Sanders The Big Winner
Bernie Sanders is being hailed as the new pragmatist for reducing the budgeted term of welfare programs to two years so that they fit within the budget and allow use of the reconciliation process. Only someone unfamiliar with Sanders would hurl such an insult at the Social Democrat from Vermont. What some see as Sanders’ compromise is nothing more than his patient pursuit of enactment of policies he brought with him four decades ago to the mayor’s office of a small town of a small state and thence to the agenda of a self-styled “moderate” President.
Bernie, the name he often prefers as it adds to his avuncular image (although not among political prisoners rotting in the dungeons of Cuba and Venezuela, regimes his is reluctant to condemn), is a conviction politician, “a lay priest seeking a secular goal” to borrow Churchill’s description of one of his contemporaries. And the Social Democrat believes, quite correctly, that he is a winner. “Virtually every major program that we wanted remains intact. The difference is that they are not going to be funded, initially, for as long as we would like [emphasis added].” Sanders knows funding for the new welfare programs will be renewed by politicians loathe to vote against child credits, family leave and other features of the New American welfare state.
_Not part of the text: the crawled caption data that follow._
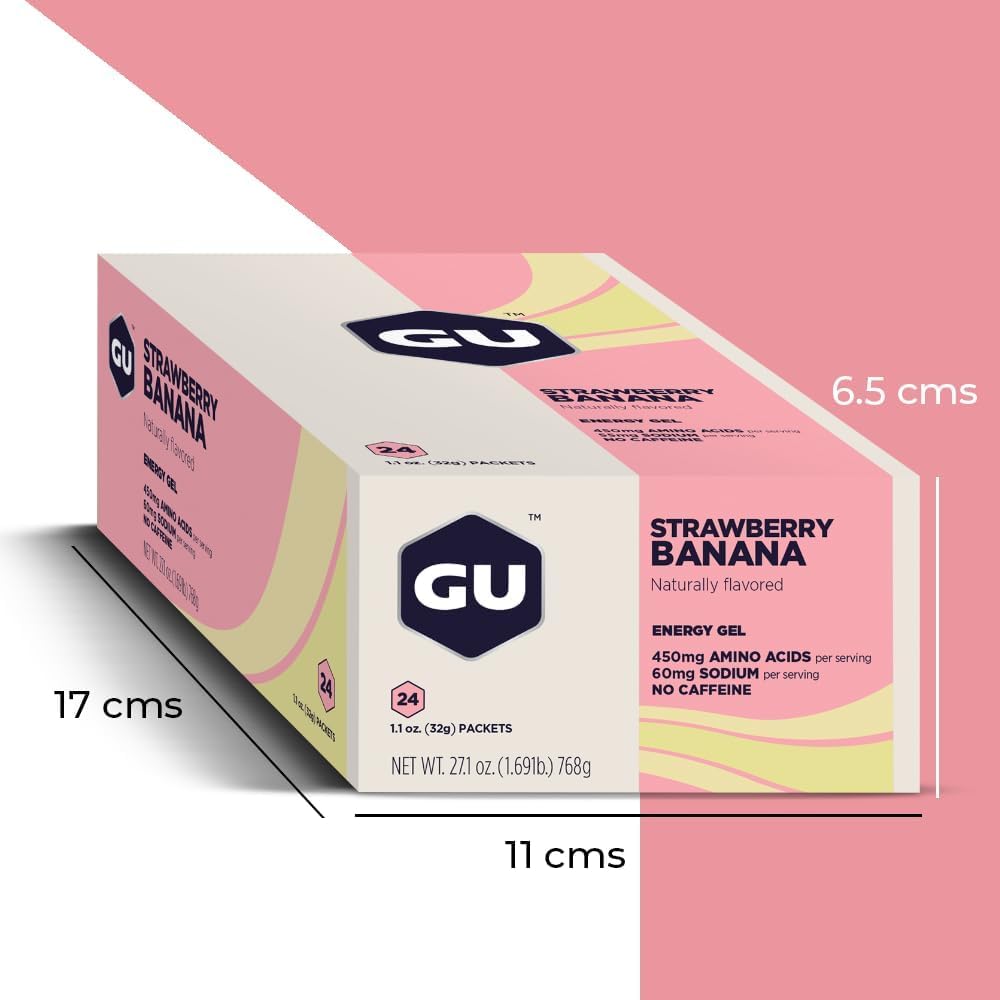 GU ENERGY 原廠運動營養能量凝膠,香草豆味,24 粒 & 原廠運動營養能量凝膠,草莓香蕉味,24 粒裝
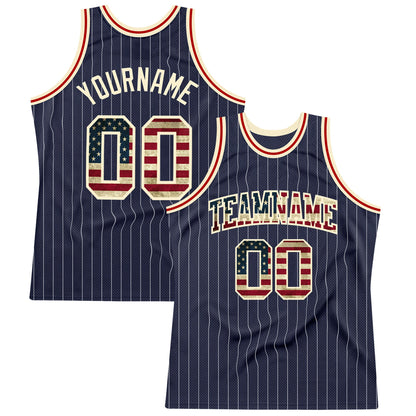 Custom Navy White Pinstripe Vintage USA Flag Cream-Red Authentic Basketball Jersey - Sky-Custom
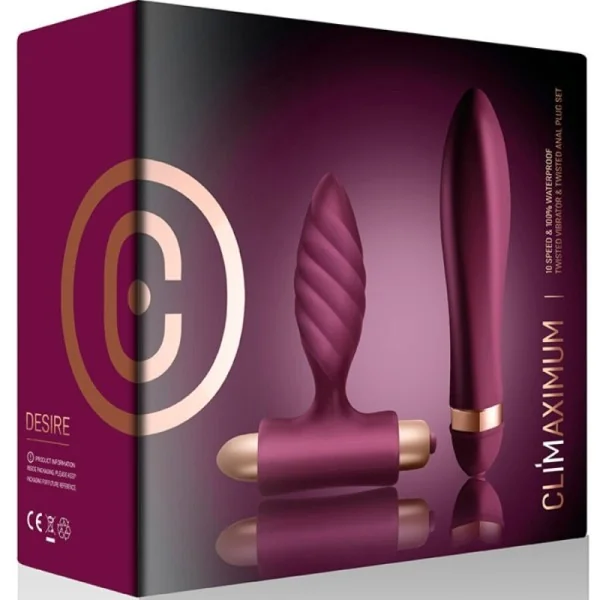 DESIRE KIT TWISTED VIBRATOR + ANALPLUG VON CLIMAXIMUM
Biden Enters The History Books
Biden, meanwhile, will achieve his goal of enacting a latter-day combination of FDR’s New Deal and LBJ’s Great Society, with add-ons of his own. That is no small achievement, with features that have been needed for soe time. CNN historians are already at their keyboards, preparing to place him in the pantheon of Democratic heroes, a man who is snatching a record peace-time portion of the national income and wealth from individuals “voting” in markets, and turning it over to the political class – government bureaucrats, lobbyists, ethnic groups. Consequences to be determined. Not bad for a “moderate” chosen by Democrats to lead them into battle against the reviled Donald Trump, rather than the too-radical Social Democrat who opposed him for that nomination.